Many TBI patients have sensory problems, especially problems with vision. Patients may not be able to register what they are seeing or may be slow to recognize objects. Also, TBI patients often have difficulty with hand-eye coordination. Because of this, TBI patients may seem clumsy or unsteady. Other sensory deficits may include problems with hearing, smell, taste, or touch. Some TBI patients develop tinnitus, a ringing or roaring in the ears. A person with damage to the part of the brain that processes taste or smell may develop a persistent bitter taste in the mouth or perceive a persistent noxious smell. Damage to the part of the brain that controls the sense of touch may cause a TBI patient to develop persistent skin tingling, itching, or pain. These conditions are rare and hard to treat.

Emotional and behavioral problems

TBI may cause emotional or behavioral problems that fit under the broad category of psychiatric health, including personality changes. Psychiatric problems that may persist for one half year to two years after the injury may include irritability, suicidal ideation, insomnia, and loss of the ability to experience pleasure from previously enjoyable experiences.[6] Other problems include apathy, anxiety, anger, paranoia, confusion, frustration, agitation, and mood swings. About one quarter of people with TBI suffer from clinical depression, and about 9% suffer mania.[6]

Different behavioral problems are characteristic of the location of injury; for instance, frontal lobe injuries often result in disinhibition and inappropriate or childish behavior, and temporal lobe injuries often cause irritability and aggression.[14]
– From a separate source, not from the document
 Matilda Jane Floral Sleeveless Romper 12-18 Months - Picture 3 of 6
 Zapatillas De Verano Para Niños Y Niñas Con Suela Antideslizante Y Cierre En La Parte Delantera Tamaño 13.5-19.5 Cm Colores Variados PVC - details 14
Problem behaviors may include violence, impulsivity, acting out, noncompliance, social inappropriateness, emotional outbursts, impaired self-control, impaired self-awareness, inability to take responsibility or accept criticism, egocentrism, inappropriate sexual activity, and alcohol or drug abuse or addiction. Some patients' personality problems may be so severe that they are diagnosed with organic personality disorder, a psychiatric condition characterized by many of these problems. Sometimes TBI patients suffer from developmental stagnation, meaning that they fail to mature emotionally, socially, or psychologically after the trauma. This is a serious problem for children and young adults who suffer from a TBI, because attitudes and behaviors that are appropriate for a child or teenager become inappropriate in adulthood. TBI patients who show psychiatric or behavioral problems may be helped with medication and psychotherapy, although the effectiveness of psychotherapy may be limited by the residual neurocognitive impairment. Technological improvements and emergency care have diminished the incidence of devastating TBI while increasing the numbers of patients with mild or moderate TBI. Such patients are more adversely affected by their emotional problems (such as post traumatic stress disorder) and neurocognitive difficulties than by their residual physical disabilities. One study found that the prevalence of all psychiatric illnesses was 49% in moderate to severe TBI and 34% in mild TBI within a year of injury, compared with 18% of controls.[15] People with TBI continue to be at greater risk for psychiatric problems than others years after an injury.[15]

Physical problems

The relative risk of PTS increases with the severity of injury.[16]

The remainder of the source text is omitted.